__Brief__. Your task is to retype, exactly and only, the lines from the one containing "image for item" to the final line of the entries, leaving out all pictures.
*** Opening Source material ***
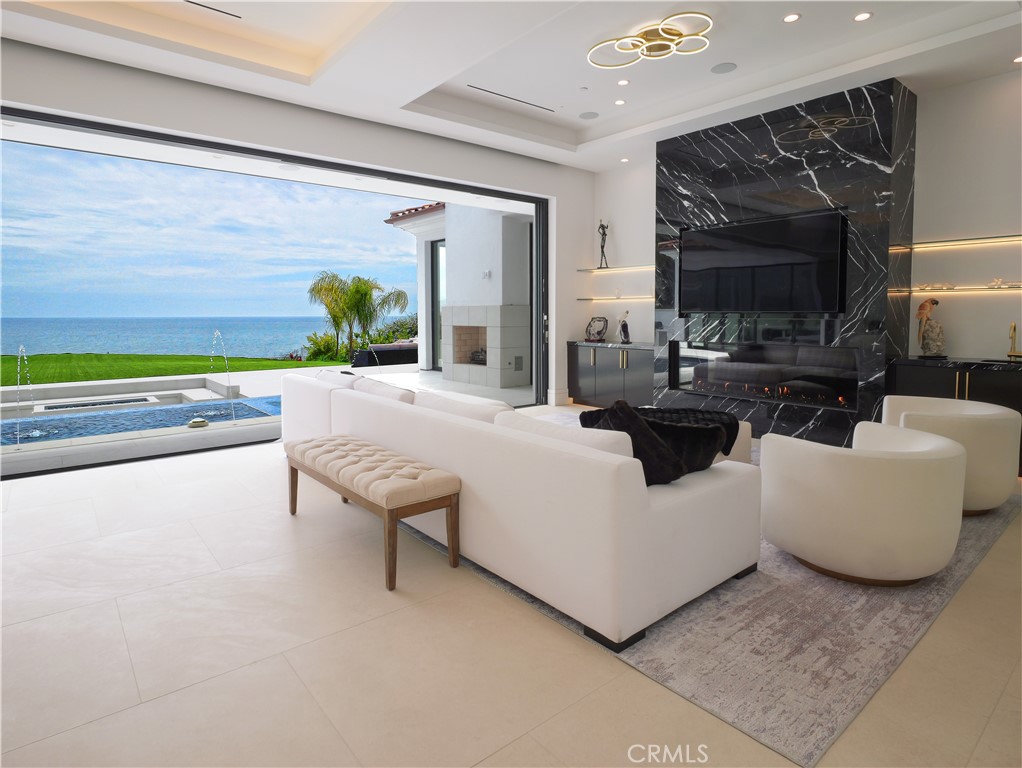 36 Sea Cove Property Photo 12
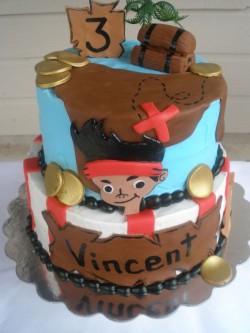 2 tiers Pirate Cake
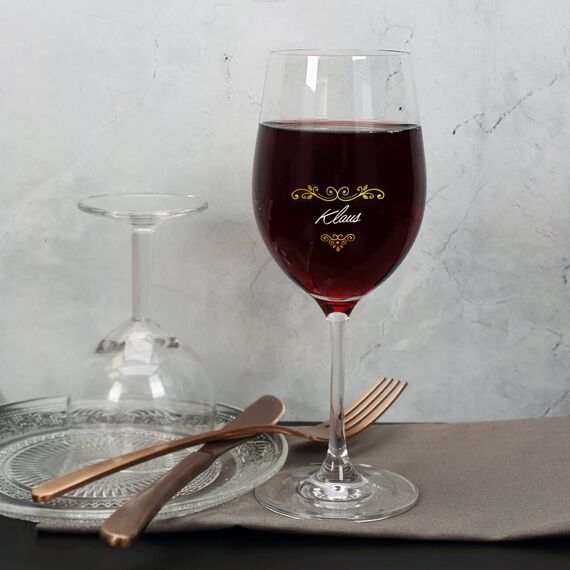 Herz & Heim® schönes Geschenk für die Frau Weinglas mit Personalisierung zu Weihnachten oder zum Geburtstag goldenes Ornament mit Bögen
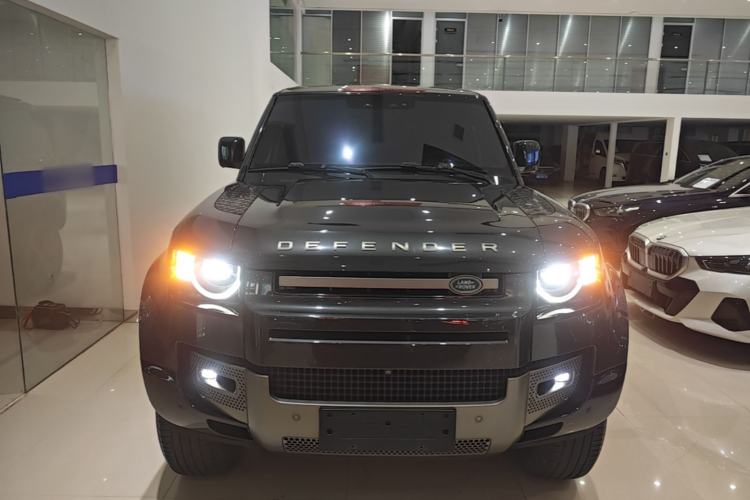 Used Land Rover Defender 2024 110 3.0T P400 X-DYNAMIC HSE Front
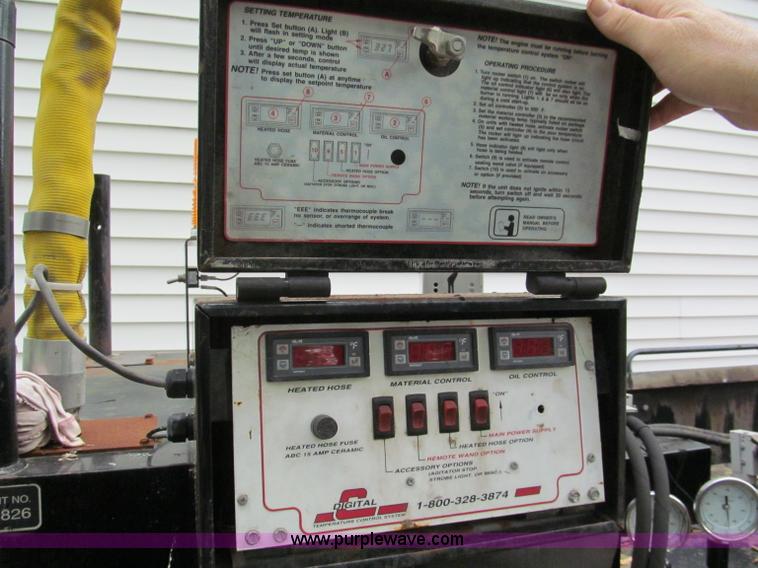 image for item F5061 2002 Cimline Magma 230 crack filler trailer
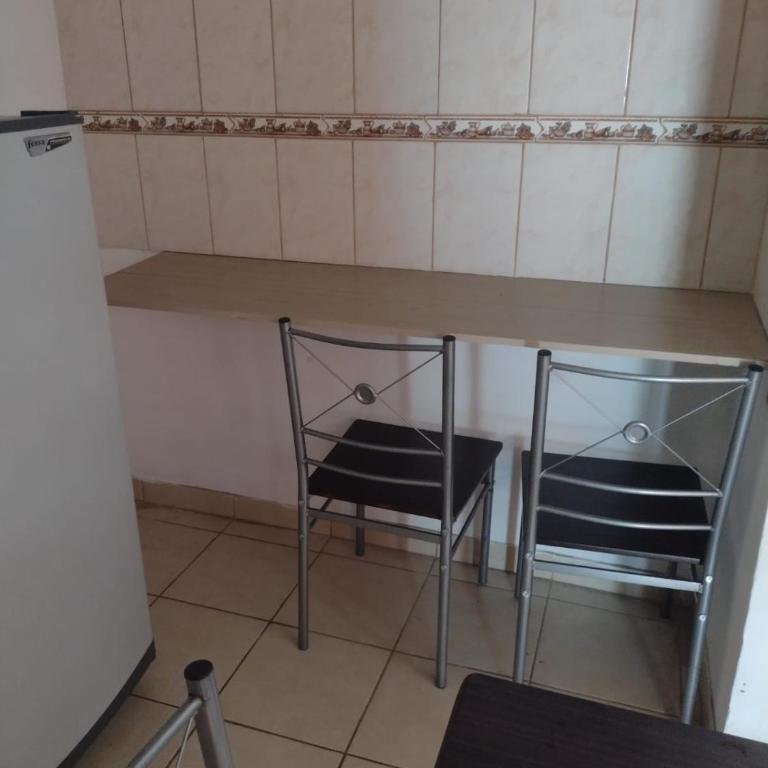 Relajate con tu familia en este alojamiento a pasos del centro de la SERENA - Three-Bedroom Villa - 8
*** Closing Source material ***
__Solution below__.
 image for item F5061 2002 Cimline Magma 230 crack filler trailer
 Relajate con tu familia en este alojamiento a pasos del centro de la SERENA - Three-Bedroom Villa - 8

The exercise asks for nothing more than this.